*** Opening TASK INPUTS ***
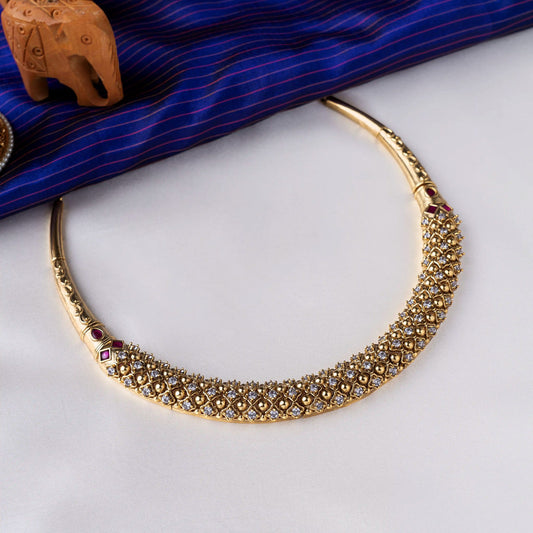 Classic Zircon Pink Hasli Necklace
*** Closing TASK INPUTS ***
*** Opening TASK INPUTS ***
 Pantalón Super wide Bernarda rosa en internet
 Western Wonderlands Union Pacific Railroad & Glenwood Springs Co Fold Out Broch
*** Closing TASK INPUTS ***
*** Opening TASK INPUTS ***
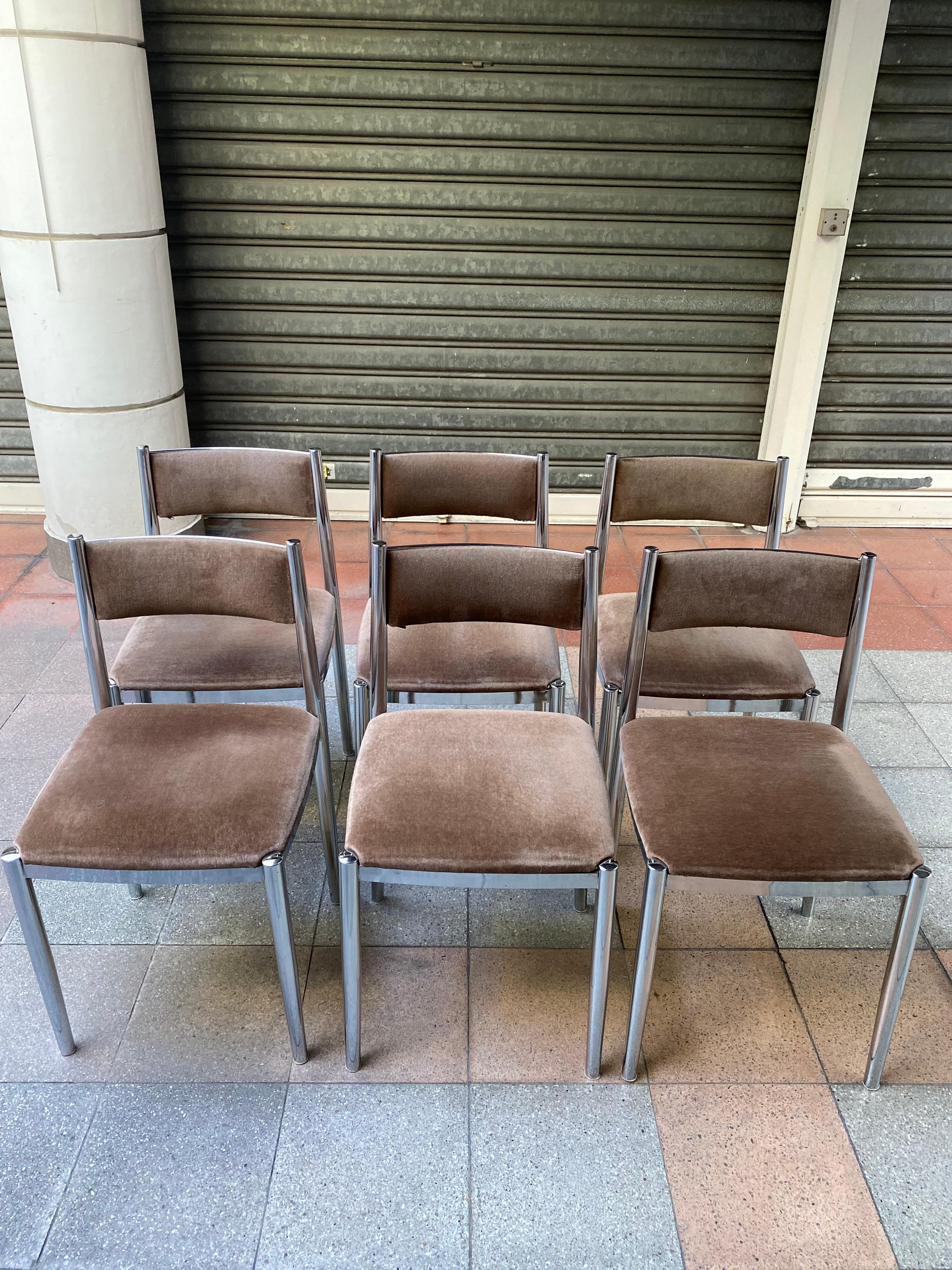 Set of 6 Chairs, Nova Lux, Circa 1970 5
*** Closing TASK INPUTS ***
§ **WHAT IS EXPECTED**
Transcribe the records above exactly, beginning at the line that contains "Pantalón Super wide" and ending with the line that contains "Western Wonderlands Union", both included, and nothing else.

§ **ANSWER SPACE**
 Pantalón Super wide Bernarda rosa en internet
 Western Wonderlands Union Pacific Railroad & Glenwood Springs Co Fold Out Broch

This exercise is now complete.